Васька, миновав соседний дом и больше всего желая не попасться кому-либо на глаза, доковылял до родного дворища.
На слабый стук отозвалась настороженно мать: смеркалось, и Бог весть с добром или худом кто мог пожаловать.
— Кто, крещеный?!
— Ночевать пустите? — Васька не узнавал своего сдавленного, совсем чужого голоса.
— Да у нас все лавки заняты.
— Неужто все? Может кто-то и не дома?
— А и верно… Младшенький вот где-то обретается.
Звякнула задвижка засова на двери; мать прижалась к сыну:
— Васятка!..
С утра пораньше потянулись соседи на вновьприбывшего посмотреть, узнали как-то про него: то ли сноха Евдоха на колодце шепнула, то ли видел кто, как он в сумерках на костылях к дому ковылял.

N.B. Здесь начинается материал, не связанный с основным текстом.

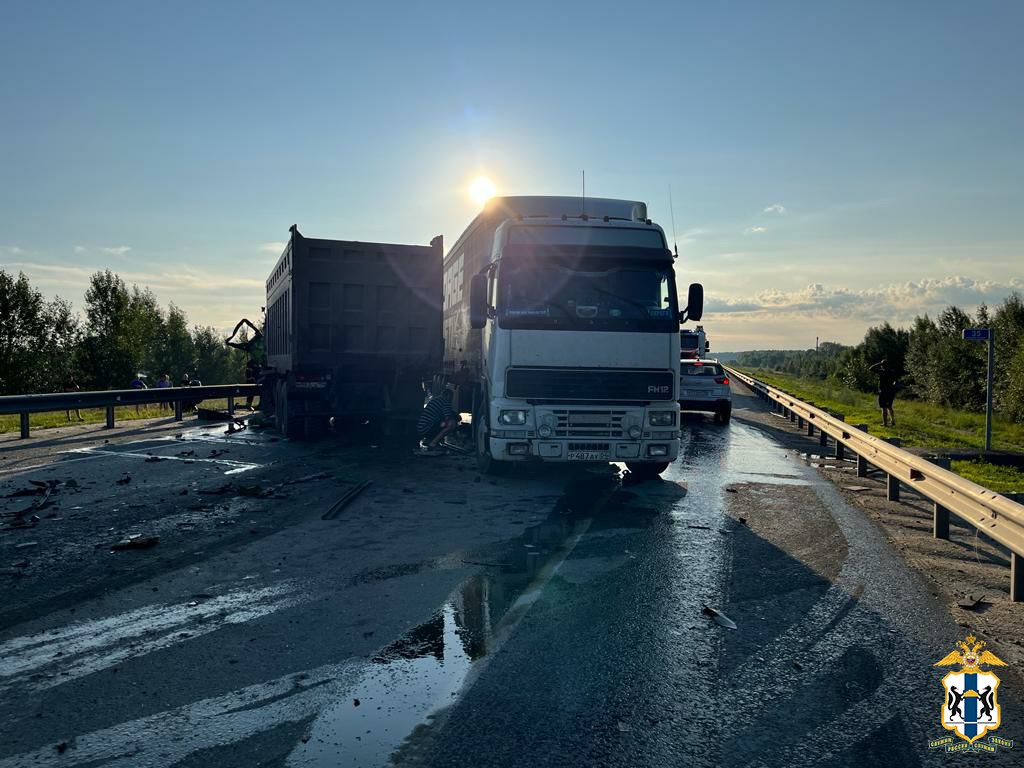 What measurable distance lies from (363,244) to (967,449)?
12696 millimetres

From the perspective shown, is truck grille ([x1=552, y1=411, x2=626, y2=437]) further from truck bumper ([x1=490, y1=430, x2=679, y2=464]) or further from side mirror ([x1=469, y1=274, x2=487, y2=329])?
side mirror ([x1=469, y1=274, x2=487, y2=329])

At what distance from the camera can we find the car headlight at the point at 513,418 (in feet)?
31.3

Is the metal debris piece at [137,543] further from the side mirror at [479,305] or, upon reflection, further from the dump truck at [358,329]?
the dump truck at [358,329]

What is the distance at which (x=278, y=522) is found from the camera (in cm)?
775

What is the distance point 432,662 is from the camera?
4094 mm

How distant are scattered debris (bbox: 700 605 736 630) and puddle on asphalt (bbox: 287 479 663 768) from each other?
1157 millimetres

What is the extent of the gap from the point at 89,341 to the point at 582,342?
73.3 m

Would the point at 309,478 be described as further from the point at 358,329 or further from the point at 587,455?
the point at 358,329

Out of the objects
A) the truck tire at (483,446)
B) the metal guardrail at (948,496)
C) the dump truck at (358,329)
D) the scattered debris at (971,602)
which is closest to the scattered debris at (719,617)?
→ the scattered debris at (971,602)

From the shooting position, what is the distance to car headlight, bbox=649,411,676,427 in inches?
381

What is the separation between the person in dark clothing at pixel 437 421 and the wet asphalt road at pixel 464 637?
4.97 meters

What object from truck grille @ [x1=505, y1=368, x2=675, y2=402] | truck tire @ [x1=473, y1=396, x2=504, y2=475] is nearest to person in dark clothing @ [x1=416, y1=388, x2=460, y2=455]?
truck tire @ [x1=473, y1=396, x2=504, y2=475]

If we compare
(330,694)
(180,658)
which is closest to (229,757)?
(330,694)

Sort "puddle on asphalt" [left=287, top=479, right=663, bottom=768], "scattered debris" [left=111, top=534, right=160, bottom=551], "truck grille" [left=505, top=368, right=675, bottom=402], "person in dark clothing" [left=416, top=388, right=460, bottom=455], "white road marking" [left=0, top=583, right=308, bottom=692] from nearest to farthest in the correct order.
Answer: "puddle on asphalt" [left=287, top=479, right=663, bottom=768], "white road marking" [left=0, top=583, right=308, bottom=692], "scattered debris" [left=111, top=534, right=160, bottom=551], "truck grille" [left=505, top=368, right=675, bottom=402], "person in dark clothing" [left=416, top=388, right=460, bottom=455] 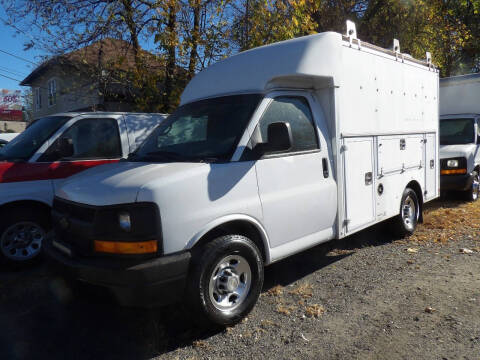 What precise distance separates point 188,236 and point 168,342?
3.15ft

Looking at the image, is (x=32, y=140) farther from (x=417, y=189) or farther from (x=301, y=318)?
(x=417, y=189)

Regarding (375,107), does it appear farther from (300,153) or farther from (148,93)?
(148,93)

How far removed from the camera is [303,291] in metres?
4.33

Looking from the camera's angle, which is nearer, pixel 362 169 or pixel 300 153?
pixel 300 153

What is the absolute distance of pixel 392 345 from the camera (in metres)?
3.26

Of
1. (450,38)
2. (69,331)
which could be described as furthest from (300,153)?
(450,38)

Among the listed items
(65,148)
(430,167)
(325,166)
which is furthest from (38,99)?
(325,166)

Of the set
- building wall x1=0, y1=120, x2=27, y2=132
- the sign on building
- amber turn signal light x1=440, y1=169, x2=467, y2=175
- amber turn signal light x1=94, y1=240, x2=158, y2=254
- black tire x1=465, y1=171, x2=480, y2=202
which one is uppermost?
the sign on building

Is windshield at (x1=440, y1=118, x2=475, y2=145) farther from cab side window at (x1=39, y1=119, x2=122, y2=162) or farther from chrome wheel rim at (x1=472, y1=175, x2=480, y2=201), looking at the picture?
cab side window at (x1=39, y1=119, x2=122, y2=162)

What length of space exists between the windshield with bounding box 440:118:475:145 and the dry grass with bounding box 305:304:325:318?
22.6ft

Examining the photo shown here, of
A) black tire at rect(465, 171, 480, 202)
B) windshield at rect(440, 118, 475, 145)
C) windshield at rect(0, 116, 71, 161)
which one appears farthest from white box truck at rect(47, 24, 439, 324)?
windshield at rect(440, 118, 475, 145)

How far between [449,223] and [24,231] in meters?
6.50

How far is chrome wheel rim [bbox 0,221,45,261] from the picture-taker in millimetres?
5195

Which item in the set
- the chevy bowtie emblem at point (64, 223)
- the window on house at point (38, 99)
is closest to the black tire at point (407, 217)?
the chevy bowtie emblem at point (64, 223) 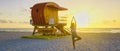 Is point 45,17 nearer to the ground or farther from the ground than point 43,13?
nearer to the ground

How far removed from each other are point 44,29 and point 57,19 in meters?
2.70

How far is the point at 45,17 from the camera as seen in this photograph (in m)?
26.5

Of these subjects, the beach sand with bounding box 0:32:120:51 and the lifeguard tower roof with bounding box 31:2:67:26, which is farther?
the lifeguard tower roof with bounding box 31:2:67:26

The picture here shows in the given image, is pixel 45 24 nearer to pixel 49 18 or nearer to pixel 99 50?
pixel 49 18

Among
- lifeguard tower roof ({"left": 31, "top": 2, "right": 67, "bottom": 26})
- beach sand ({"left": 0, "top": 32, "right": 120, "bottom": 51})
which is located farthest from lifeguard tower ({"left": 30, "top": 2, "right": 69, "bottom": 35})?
beach sand ({"left": 0, "top": 32, "right": 120, "bottom": 51})

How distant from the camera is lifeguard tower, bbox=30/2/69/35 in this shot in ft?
87.4

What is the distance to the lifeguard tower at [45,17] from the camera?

Старший брат Иван, натянув гимнастерку с поблескивающей одиноко медалькой, похаживал по горнице, горделиво разглаживал усы и снисходительно-свысока поглядывал на младшего, спрятавшего от чужих глаз свои костыли и жмущегося пугливо в дальнем уголке за столом. Средний брат Алексей погиб на границе в самом начале войны, а вот Ваню судьба миловала: вместо окопов попал он, как охотник-промысловик, в особый отряд — диверсантов в тайге вылавливать. Попадались они ему или нет — о том он умалчивал, но пострелять белок и куниц, лосей и медведей довелось немало. И с таежницей-комячкой в лесной избушке Ванька такую жаркую любовь закрутил (много позже сознался в том по пьянке брату), что потом, после Победы возвратясь, с Евдохой, женой законной, ложе разделять стало ему в тягость. Евдоха, пытаясь ублажить долгожданного мужа, ластилась назойливо к нему, крутилась так и сяк, благо свекровушка была туговата на ухо и за занавеской, разделяющей избу на две половины, вряд ли что слышала.
Деверь Васька отсутствием слуха не страдал, на печной лежанке беспокойно-страдальчески ворочался с боку на бок, и от этого, бывало, в самый неподходящий момент летели с печи чьи-нибудь тяжеленные катаники и грохались на пол.
Евдоха робила в колхозе трактористкой, и Васька, еще до сталинградских степей и своей болезни, крутился возле снохи за прицепщика. Задрипанный тракторишко часто глох, Евдоха заползала под него и что-то там подкручивала гаечным ключом, широко раскинув голые ноги. Васька, бегая вокруг, поневоле подглядывал за нею и стыдливо отводил глаза, засунув кулаки в карманы штанов.
А теперь парень подрос, хоть и инвалид, да не по тому самому делу…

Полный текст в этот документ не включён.